Ron English was once called “the Robin Hood of Madison Avenue” for his guerrilla attacks on billboard advertising. He put Hitler and Charles Manson’s faces on Apple’s “think different” posters. He’s mocked Camel cigarettes and McDonald’s hamburgers (“Over 50 billion super-sized. We’re lovin’ it”). He is the godfather of street art – Banksy’s spiritual papa, but more overtly political.

He is also a painter. In an exhibition that opens at the Elms Lesters Painting Rooms in May, English has produced a 50ft painting recreating Picasso’s Guernica, transforming the original Spanish civilian characters into Disney and Peanuts characters, soccer players and schoolchildren.

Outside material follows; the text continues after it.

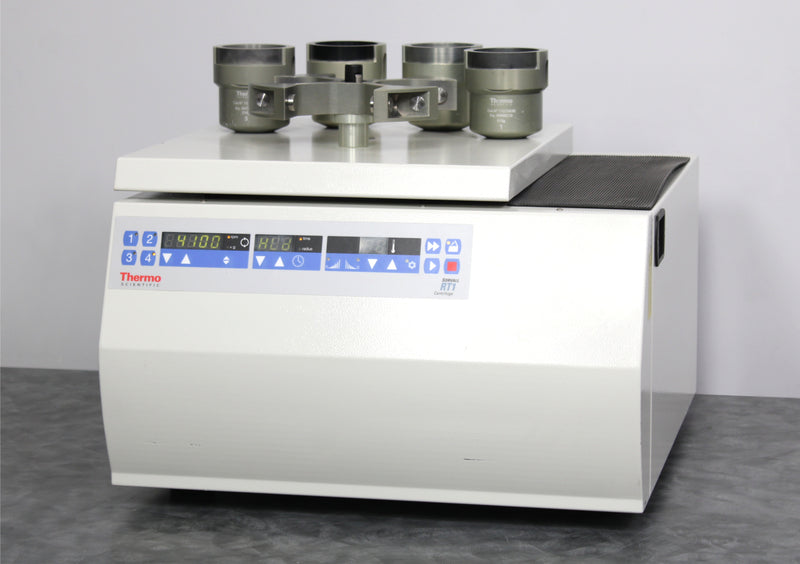 Thermo Scientific Sorvall RT1 Refrigerated Benchtop Centrifuge w Rotor & Buckets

English, in his mid-forties, is a shaggy-haired survivor who grew up in smalltown Illinois. As a teen, he was into drugs and had a fight with Angus Young of AC/DC. He was on acid the day he was interviewed for a job at a factory. He got into bed with the enemy at the outset of his career, enrolling to study advertising at the University of Houston. His anticorporatism took root, he told me, when he realised that if he took a picture of his children’s Mickey Mouse nappies and made it into a poster, he would be infringing Disney’s copyright.

English has painted topless Marilyn Monroes with Mickey-like faces for boobs; and a “Muslim Mickey” guaranteed to offend just about everyone. He told me he was “trying to reclaim culture, in the same way the earliest people were overwhelmed by the animals that killed them, so drew their images on cave walls to give them psychological power”.

The odd thing is, he has become part of the Establishment. He is famous, fêted, seemingly well-off – and not that anticorporate. He told me he used Kinko’s and Dell equipment. He let his children go to Burger King and “would rather wear Nikes than go barefoot”. He said he saw himself as an artist rather than activist: “The billboards are something I do at the weekends. It’s romantic to be an angry young man, but not an angry old man.”